Certaines études observent toutefois que les patrons d’activations produits par une tâche comprenant un faible et un haut niveau de complexité sont distincts pour les jeunes adultes et les aînés, ces derniers présentant un réseau d’activations plus étendu pour de faibles niveaux de complexité. Un réseau comparable entre les deux groupes serait quant à lui observé lorsque le niveau de complexité est élevé et que les performances sont adéquates (pour revue, voir Reuter-Lorenz & Park, 2010). Afin de rendre compte de cette observation, le phénomène CRUNCH a été proposé (Reuter-Lorenz & Cappell, 2008). Ce dernier présume que le cerveau âgé aurait besoin d’engager des ressources neuronales plus étendues afin de rester aussi efficace que celui des jeunes adultes et ainsi pallier les difficultés de traitement de l’information survenant avec le vieillissement. Ces activations additionnelles, qui auraient une fonction compensatoire, prendraient place pour de faibles niveaux de complexité chez les adultes âgés. Lorsque les demandes inhérentes à une tâche augmentent, une surcharge du réseau neuronal surviendrait, ce qui induirait éventuellement un traitement inadéquat de l’information ainsi qu’un

déclin de la performance. Contrairement à cette hypothèse, les données de neuroimagerie de l’étude de discrimination vocale ne mettent pas en évidence, pour les aînés, de réseaux neuronaux distincts pour les niveaux faible et élevé de complexité, tout comme elles n’objectivent pas, pour les deux niveaux de complexité, de réseau dissemblable pour les adultes jeunes et âgés. L’ensemble de ces résultats va donc à l’encontre de CRUNCH. À l’inverse des études de cette thèse, les données ayant permis d’élaborer cette hypothèse proviennent essentiellement de protocoles utilisant des tâches évaluant des fonctions cognitives de haut niveau, principalement la mémoire de travail. Le fait que nos résultats ne correspondent pas à ce que CRUNCH propose met pour la première fois en lumière la possibilité que ce modèle ne puisse être généralisé à des processus mentaux de plus bas niveau, tels que les processus de discrimination perceptuelle évalués dans cette étude.

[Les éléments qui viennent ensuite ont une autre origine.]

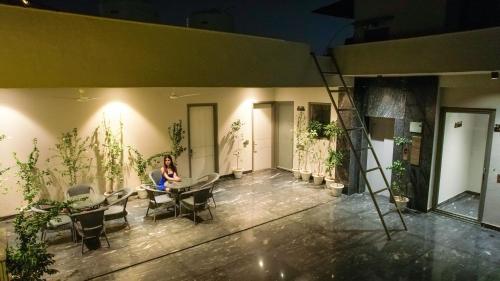 a woman sitting at a table in a room with plants at Lime Tree Hotel & Stays Greater Noida Nearby India Expo Centre & Mart in Greater Noida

3.3.4 SYNTHÈSE : QUE PERMETTENT DE CONCLURENT LES ÉTUDES DE NEUROIMAGERIE?

Les études de neuroimagerie rapportées dans cette thèse sont les toutes premières à explorer de manière empirique la façon dont le vieillissement normal affecte les substrats neuronaux sous-tendant les capacités de traitement paralinguistique vocal non affectif. Ces résultats pionniers indiquent de manière non équivoque que des phénomènes de plasticité cérébrale sont présents chez les adultes âgés lors du traitement de l’information vocale. Pour la tâche d’écoute passive, une réduction de l’activation d’une portion du cortex auditif est observée conjointement au recrutement additionnel de régions frontales, temporales et pariétales. Quant à la tâche de discrimination vocale, en dépit de performances comportementales comparables, les adultes âgés recrutent des régions frontales et temporales que les jeunes adultes ne sollicitent pas. Ces réaménagements neuronaux suggèrent tous deux l’installation de processus de nature compensatoire. En ce qui concerne la tâche de discrimination vocale, cette hypothèse de compensation neurofonctionnelle n’est néanmoins pas totalement confirmée, en raison de l’absence de corrélation significative entre les seuils de discrimination et l’intensité de l’activation des réseaux surnuméraires identifiés. Enfin, toujours pour la tâche de discrimination vocale et pour les deux groupes d’âge, les réseaux neuronaux induits pour les deux niveaux de complexité sont similaires. Ce résultat est interprété comme

témoignant de l’impossibilité de généraliser le phénomène CRUNCH aux processus cognitifs de plus bas niveau.